KÜRŞAT BUMİN
Yazının başlığını okur okumaz “Neler olmuyor ki?” dediğinizi duyar gibiyim… O halde başlayalım sorunun cevabına ilişkin bazı gözlemlere:
Ülke medyası en kolay fasıl olduğundan ilk gözlem bu alandan olsun: Gazetenin (Hürriyet) 24 Ekim tarihli baş sayfasını kesip bir yana koşmuşum: Nedeni sayfada yer alan bir ‘şehit haberi’. Haber küçücük bir şey olduğundan gazetede yer verildiği haliyle aktarıyorum:
“3 Şehit… Bingöl Genç’te PKK’lı teröristlerin saldırısında 2 polis, Malatya’da TIR çarpan 1 asker Şehit oldu.”
Evet, hepsi bu kadar! Tek sütunda üç, üç buçuk santimlik bir haber.
Demek ki -dedim içimden- “Çok yakın zamanda baş sayfanın manşetlerine yerleşen ‘şehit’ haberlerinin ederi bu derece düşmüş durumda.

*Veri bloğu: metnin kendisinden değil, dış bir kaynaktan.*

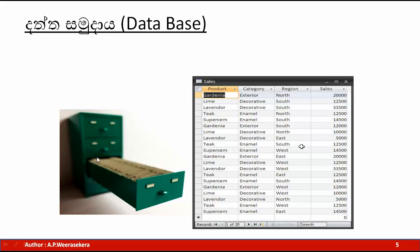Here is the section of the files. This is the section of the files. If you want to find your file, you will be able to find your file. This file will be able to find your file.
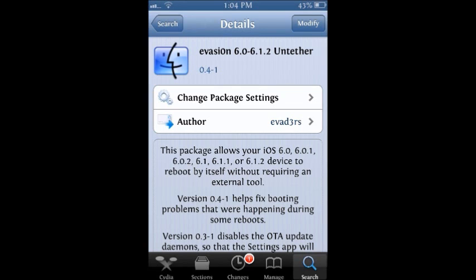And then what you want to do is you want to install it. Now once you install it, it's going to tell you to reboot your device and it's going to boot just like the evasion jailbreak, the same way as you do it on your computer. It's going to boot the same way and it's going to become untethered.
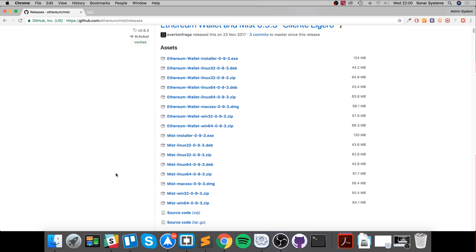That might take a while, just be patient. Once it's done you can use the Mist browser and you have the built-in wallet functionality as well, where you can add your ether.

Üç şehit’e üç santim, her birine birer santim yani…”
Bu küçücük haberin hemen üzerinde yer alan habere de gözüm ilişti. O da ne? ‘Üç şehit’ haberinin üzerinde onu üçe-dörde katlayan bir ‘uzun yaşam’ haberi yer almıyor mu? Bu haberi de aktarayım:
“Günde ne kadar şeker?
Şeker de, unlu, nişastalı besinler de ömrümüzü kısaltıyor. Erkeklerin günde 37.5 gram yani 6 tatlı kaşığı kadar, kadınların ise günde 25 gram şeker tüketmesi uygun görülüyor.”

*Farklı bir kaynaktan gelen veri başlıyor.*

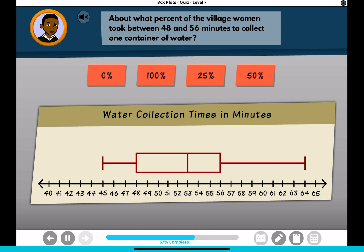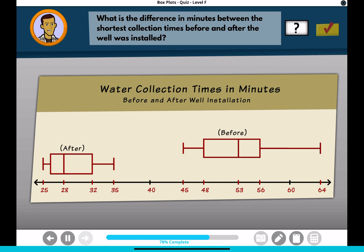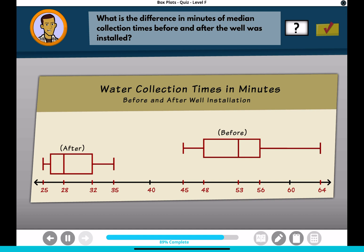What is the difference in minutes between the shortest collection times before and after the well was installed? What is the difference in minutes of median collection times before and after the well was installed?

Gazete (Hürriyet) tabii ki, ‘Şehitler’in ne kadar şeker tüketmesi gerektiği konusuna girmemiş. Onun yerine şeker açıklamasını yapan (malum) doktorun fotoğrafını koymuş…
Bir gazetenin baş sayfasına ‘uzun yaşam’ ve ‘şehitler’ haberlerini bu derece ‘müstehcen’ biçimde yerleştiren(ler) hakkında birkaç söz etmek gerekirse ne demeli acaba? Sorumun cevabını ben buldum ama isterseniz siz de bir düşünün….

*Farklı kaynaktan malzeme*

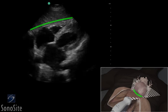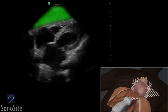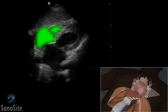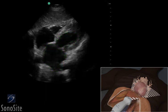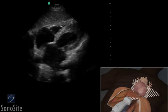Increase scanning depth to visualize all chambers of the heart. The first structure seen closest to the transducer is the liver. The right side of the heart will appear closer to the transducer than the left side of the heart on the ultrasound image. The myocardium will appear gray, and the blood-filled chambers will appear hypoechoic. The bright white pericardium is seen surrounding the heart adjacent to the gray myocardium.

Söz konusu gazetenin (Hürriyet) ‘Şehitler’le ilgili önceki sayılarındaki haberlerini hatırlamak için internette kısa bir arama yapmayı da ihmal etmedim. Bakalım yakın zamanda ‘Şehitler’ gazetenin hangi köşesine kaç sütuna kaç santim yerleştiriliyordu. Yanılmamışım; gazetenin –hem de– çok yakın tarihte yer verdiği bir haber bayağı kallaviymiş: “Şırnakta 1 şehit 5 yaralı”.
Demek ki, diye düşündüm, ‘şehit-şehitlik’ meselesi meydanlarda haykırışlarla tekrarlanan bir mevkiden çoktan uzaklaşıp ‘şeker’,‘nişaşta,’, ‘unlu besinler’ türünden ‘uzun yaşam’ı tehdit eden gıdalar mevzuunun arkasında kalmış. Aşağı yukarı şöyle bir sonuç yani: ‘Şehitler-şehitlik’ sıradanlaşsın ki, bizler ‘unlu, nişastalı, şekerli’ ürünlerden sakınarak ‘uzun yaşam’ın yolunu bulabilelim…
Ne acı ve (tekrar etmeden yapamayacağım) ne ‘müstehcen’ bir habercilik ve dünyadır bu böyle….
Gazetenin (Hürriyet) ‘şehit’ ilgisi dikkatimi çektiğinden konuyu biraz daha etraflıca araştırmak istedim. Bu süreçte internette karşıma şöyle bir sayfa çıkmaz mı? ‘Şehit- Güncel Şehit Haberi-Hürriyet’
Hemen altında da okurlara şu uyarı: “Şehit ile ilgili tüm haberleri ve son dakika Şehit haber ve gelişmelerini bu sayfamızdan takip edebilirsiniz. Toplam 40.272 Şehit haberi bulunmuştur.” (Dikkat ederseniz ‘Şehit’ sözcüğü her zaman büyük harfle başlıyor…)
İnanılır gibi değil; Bu ‘bilgilendirme’nin hemen altında da şu başlıklar altında konunun ayrıntılarını merak edenler için bir yol haritası:
‘Tarih aralığı’, ‘Yıllara göre’, ‘Aylara göre’.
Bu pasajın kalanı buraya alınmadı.